BSG KWO Berlin
- Full name: Betriebssportgemeinschaft Kabelwerk Oberspree Berlin
- Founded: 1949
- Dissolved: 1990
- Ground: KWO-Sportanlage an der Wuhlheide
- Capacity: 5,000
| Home colours | Away colours |

= KWO Berlin =

German football club

KWO Berlin was a German association football club from the city of Berlin.
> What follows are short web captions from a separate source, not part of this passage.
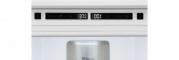 22" Electrolux 9 Cu. Ft. Counter-Depth Built-In Combi-Bottom Refrigerator​ - ERBB0920AP
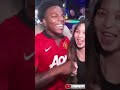 Speed's wildest encounter in Thailand yet! 😲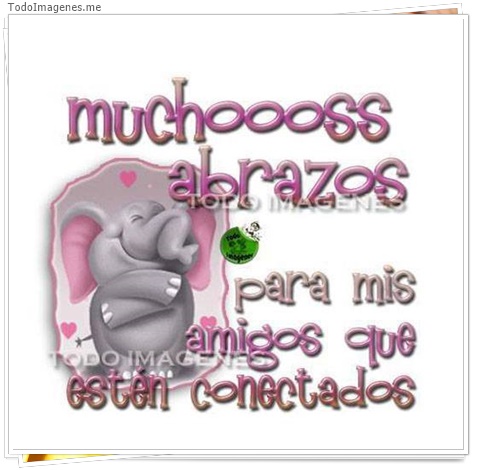imagen de 5556-20160302-034103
The club was active in the separate East German football competition that emerged in the Soviet-occupied eastern half of the country after World War II. It was established in 1949 as the factory club, or Betriebssportgemeinschaft, for VEB Kabelwerk Oberspree, a major state-owned industrial firm specializing in the manufacture of electrical cable and wire.

==History==
In 1951, the club was renamed BSG Motor Oberspree Berlin and on 1 September 1957 joined TSC Obenchöneweide to play briefly as TSC Obenchöneweide/Oberspree before disappearing within TSC in December of that year, and playing as TSC Obenchöneweide III until 1959.
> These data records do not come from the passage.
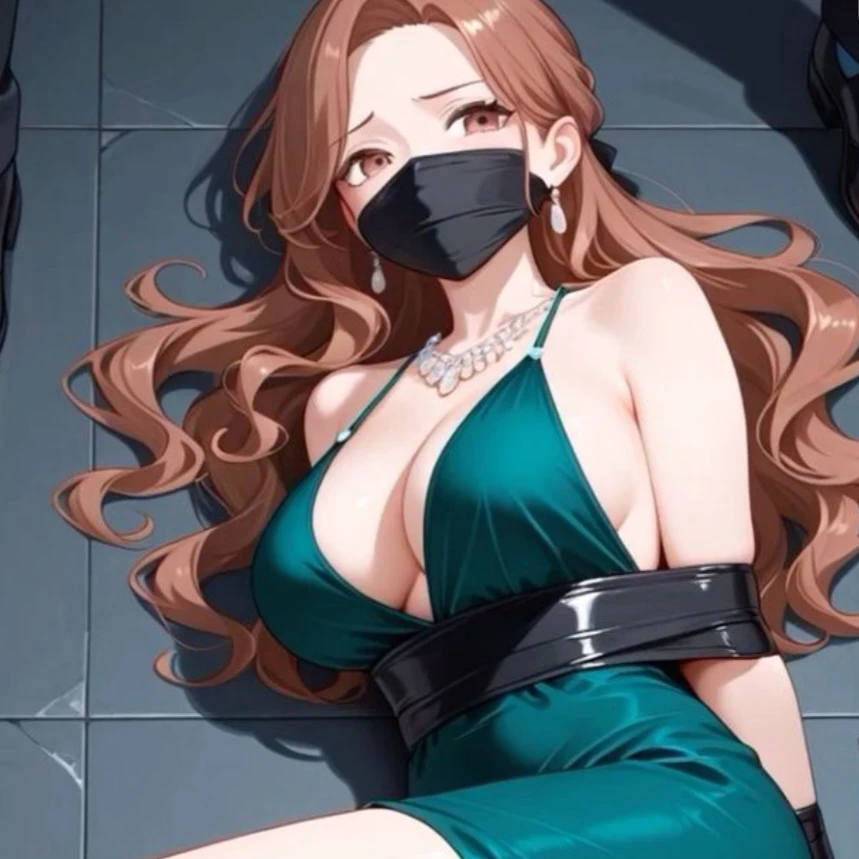 이보람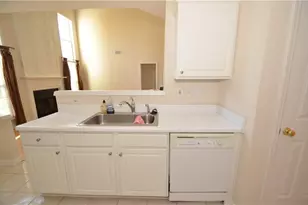 4407 Weham Ct, Cumming, GA 30040 - Photo 23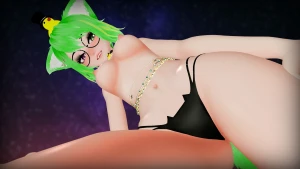 I need irl cuddles badly vtuber lewdtuber amateur soft comfy free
A separate KWO side was re-established in 1975 with the ambitious support and significant financial resources of the factory. By 1979, the team had risen out of lower level Kreisklasse competition into the Bezirksliga Berlin (III). They captured the city championship by a narrow margin over BSG EAB Lichtenberg 47 and advanced to play in the DDR-Liga (II). In their second season there KWO finished behind 1. FC Union Berlin before fading over the next two years and slipping back into Bezirksliga competition in 1983.

Manager Dieter Fietz had a friendly relationship Soviet forces stationed in the area and was able to augment his club with experienced Russian players. While this helped KWO in capturing a string of Berlin-Pokal (East Berlin Cups) and FDGB-Pokal (East German Cup) district titles in the late 1980s, the team was unable to immediately win its way back to second division play. The club finally won promotion in 1988 just before German reunification in 1990 for two seasons.

Between 1981 and 1990, KWO made frequent appearances in FDGB-Pokal (East German Cup) play where they typically were put out in the opening two rounds. Their furthest advance was in 1982 when they contested an eighth-final match Dynamo Dresden which they lost 0–2.

The club disappeared with German reunification in 1990, its women's football team becoming part of 1. FC Union Berlin.

==Honours==
- East Berlin Cup champions: 1979, 1985, 1986, 1987, 1988
- FDGB district champions (East Berlin): 1986, 1987

==Stadium==
The team played its home fixtures in the KWO-Sportanlage an der Wuhlheide, which also served other sports departments of the larger club. The facility had a capacity of 5,000 and was demolished in 2001.